You don't have to be involved with fly fishing very long before you discover that fly fishers are, for the most part, quite opinionate people. This has been so since the earliest days of the sport. Read any of the early fly fishing books and it will quickly become evident that fly fishers have been debating various aspects of fly fishing since its earliest days. Unfortunately, it also became evident that the opinions could quickly become a source of disagreement and some of them even reached the stage of name calling. The word war between wet fly and dry fly anglers reached such a fever pitch that certain waters were restricted to dry flies only. The rules even went so far to restrict the angler not only to the use of dry flies but also how even dry flies could be used. These rules are still in effect on certain streams in England.

It's unfortunate that personal opinions about a sport like fly fishing can become a source of such disagreements. A quick check of the posts on almost any fly fishing bulletin board will show that strong disagreements still exist in the fly fishing community, and that these disagreements can quickly escalate to name calling and personal insults. That's truly sad because we grow as individuals when we consider the opinions and experiences of others. That doesn't mean that we will change our opinion but we just might learn something in the process.

Recently Tenkara style fishing has become somewhat of a fad among those in the fly fishing community. Since Tenkara fishing does not involve the use of a reel and casting is limited to the length of the line attached to the tip of the rod [technically to a loop attached to the uppermost section of the rod], the question has been raised about whether or not this is really "fly fishing." Well, if we go back to the earliest descriptions of fly fishing it would appear that it is more truly fly fishing than what we practice today.

However, the question is really pointless. It might not be your idea of how one should "do" fly fishing but it still meets the basic definition of fly fishing – using a lure constructed from feathers or other similar materials and which is presented to the fish using the weight of the line and not the lure. [A rough distillation of a legal description of what constitutes fly fishing] It may not be your method of choice but for some anglers it is the only way to go.

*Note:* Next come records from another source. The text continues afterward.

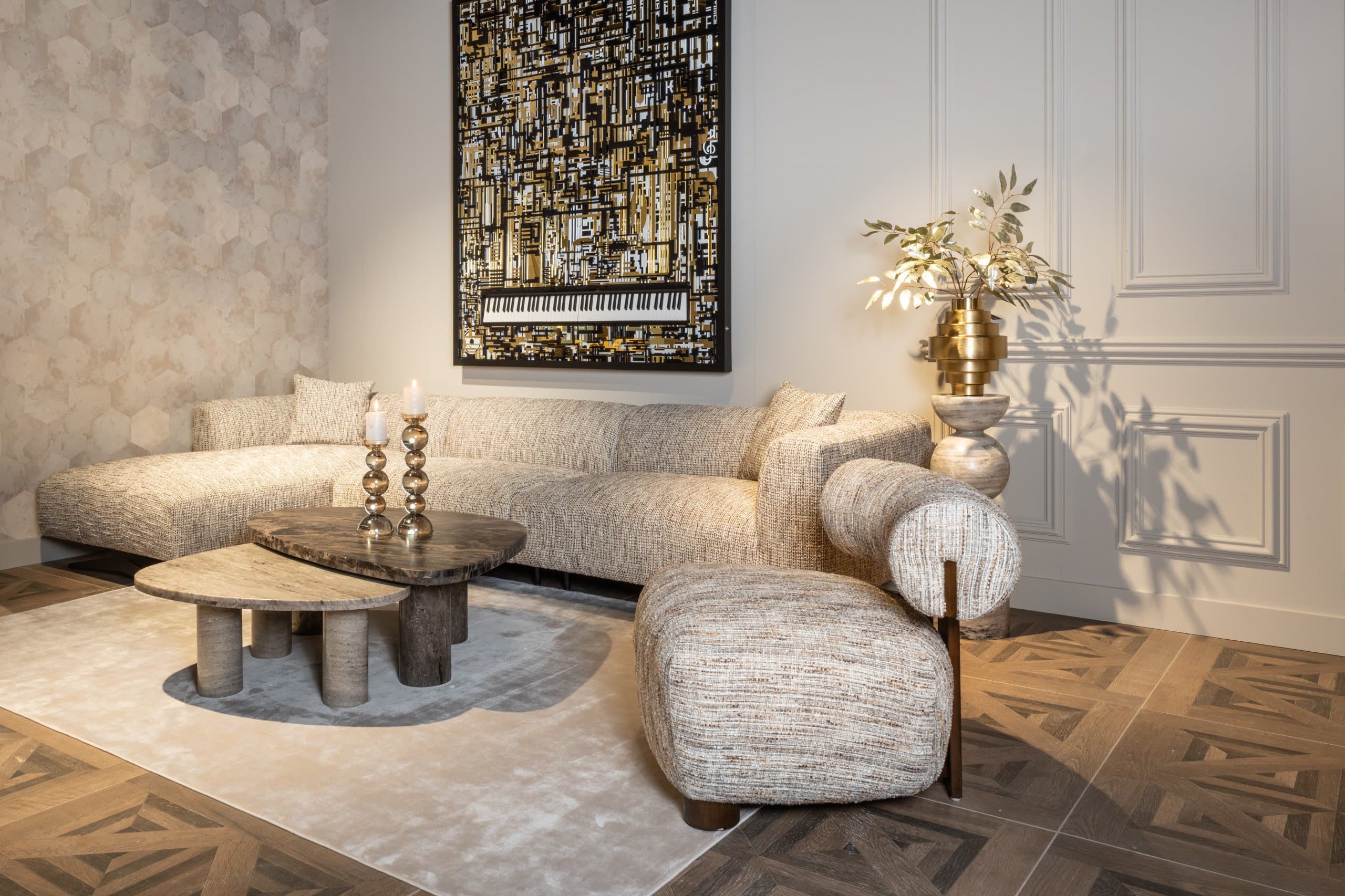 Gouden vaas met zijden bloemen en groene takken op een stenen sokkel tegen een witte paneelwand, met een beige bank en travertin bijzettafels ervoor.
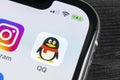 QQ messenger application icon on Apple iPhone X smartphone screen close-up. QQ messenger app icon. Social media network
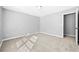 Simple bedroom with neutral walls and carpet at 1721 Telfair Chase Way, Lawrenceville, GA 30043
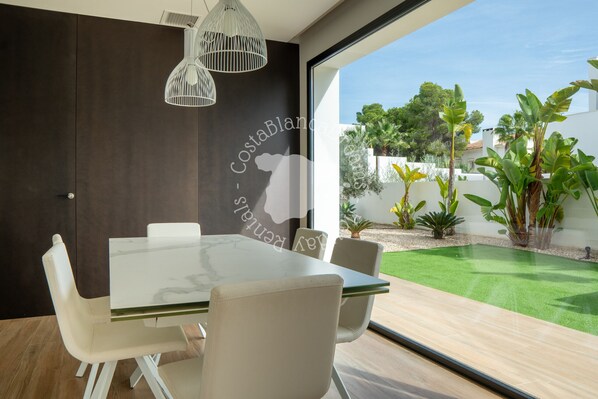 A modern dining area with a glass table and white chairs, a dark wall with a Costa Blanca logo, and a view of a green lawn and plants.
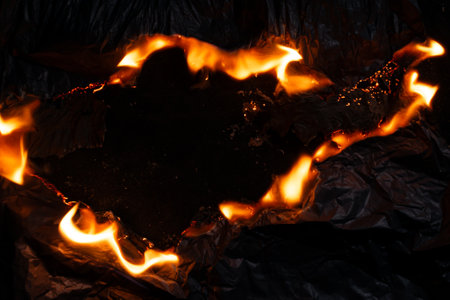 burning paper, glowing edge of paper on a black backgroundの写真素材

I have made it clear in previous articles that I don't believe that fluorocarbon leader material is superior to standard nylon leader material since I don't believe trout have the ability to connect the appearance of a leader with a threat. However, if you prefer to use fluorocarbon rather than nylon for your leaders and you believe that it makes a difference in your success it is of little concern to me. Certainly it is not something that should raise a verbal battle over the virtues of one material over the other.

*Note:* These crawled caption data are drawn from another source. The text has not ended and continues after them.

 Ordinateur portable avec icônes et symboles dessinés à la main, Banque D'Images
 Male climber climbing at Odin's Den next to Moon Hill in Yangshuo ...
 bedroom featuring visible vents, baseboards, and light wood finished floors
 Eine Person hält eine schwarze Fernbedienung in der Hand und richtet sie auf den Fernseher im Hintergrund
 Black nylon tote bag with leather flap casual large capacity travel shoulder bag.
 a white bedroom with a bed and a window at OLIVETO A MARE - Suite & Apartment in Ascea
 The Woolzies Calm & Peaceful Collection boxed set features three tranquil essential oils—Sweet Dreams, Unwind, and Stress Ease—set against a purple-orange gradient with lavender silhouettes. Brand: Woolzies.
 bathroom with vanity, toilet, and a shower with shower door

Given the choice I will fish dry flies, however I also fish nymphs and emergers when not using them would result in an activity that is futile. I will sit and wait for a hatch rather than spend time dredging the bottom with a nymph, but that does not make me somehow nobler than the angler that is flinging weighted nymphs while I sit on the bank.

I'm a "scientific angler." I revel in identifying the hatches, observing the feeding fish and determining what the fish are doing and presenting my offering in such a manner that it will duplicate, as close as possible, what the fish are eating, either as fly fished on the surface, in the surface film, just below the surface or anywhere between the surface film and the bottom. I fully realize that many fly fishers don't approach fly fishing in that manner, in fact I am probably an anomaly among the majority of modern day fly fishers. However, since I hold to the belief that fly fishing is a recreational activity in which a person indulges themselves that has no value beyond that which is derived from the activity itself. In short, fly fishing; however it's practiced, is an end in itself. If your idea of being a scientific angler is purchasing a certain brand of fly line may you proceed in peace.

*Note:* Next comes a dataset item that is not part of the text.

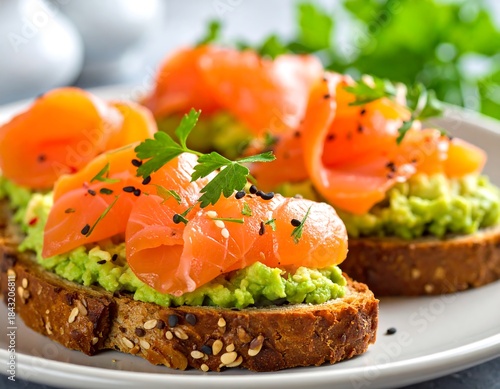 Close-up of two open-faced sandwiches with salmon and mashed avocado on toasted bread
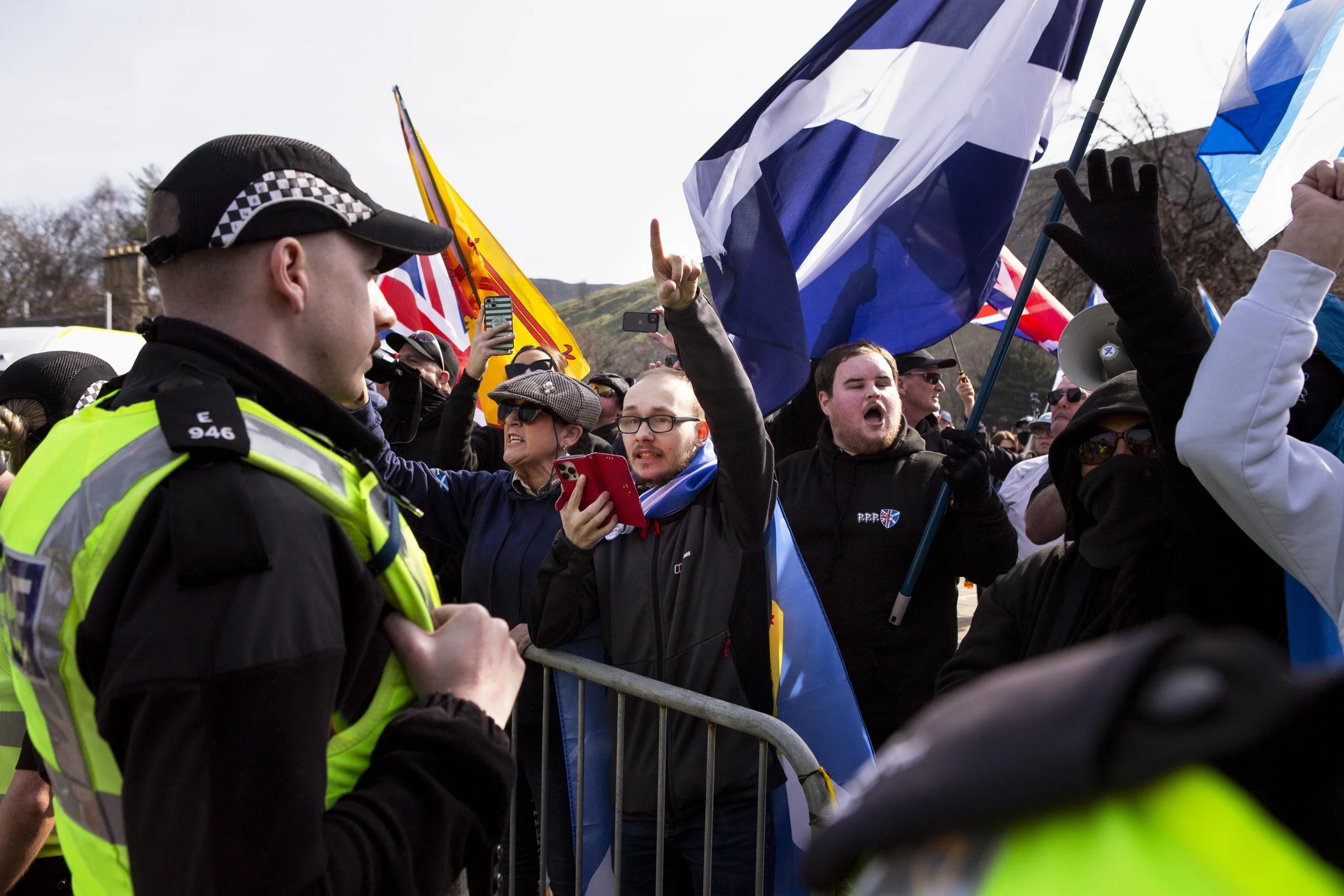 Protesters from the group “Unite the Clans” shout at Stand Up to Racism and Women Against the Far Right demonstrators outside Holyrood in Edinburgh. The group, previously known as “Aberdeen Against Illegal Immigration,” organised a rally outside of t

Most of what we practice in fly fishing is founded on opinions that, from a scientific standpoint, cannot be proved or disproved. Two anglers fishing in the same pool both using entirely different techniques may both be catching fish. Two anglers using the same techniques while fishing the same pool may have entirely different results. How do we explain that?

"I disapprove of what you say, but I will defend to the death your right to say it"* is a famous quote often attributed to Voltaire, but regardless of who actually said it, it is a good quote for fly fishers to live by.

*The actual quote came from a book written about the life of Voltaire by Evelyn Beatrice Hall.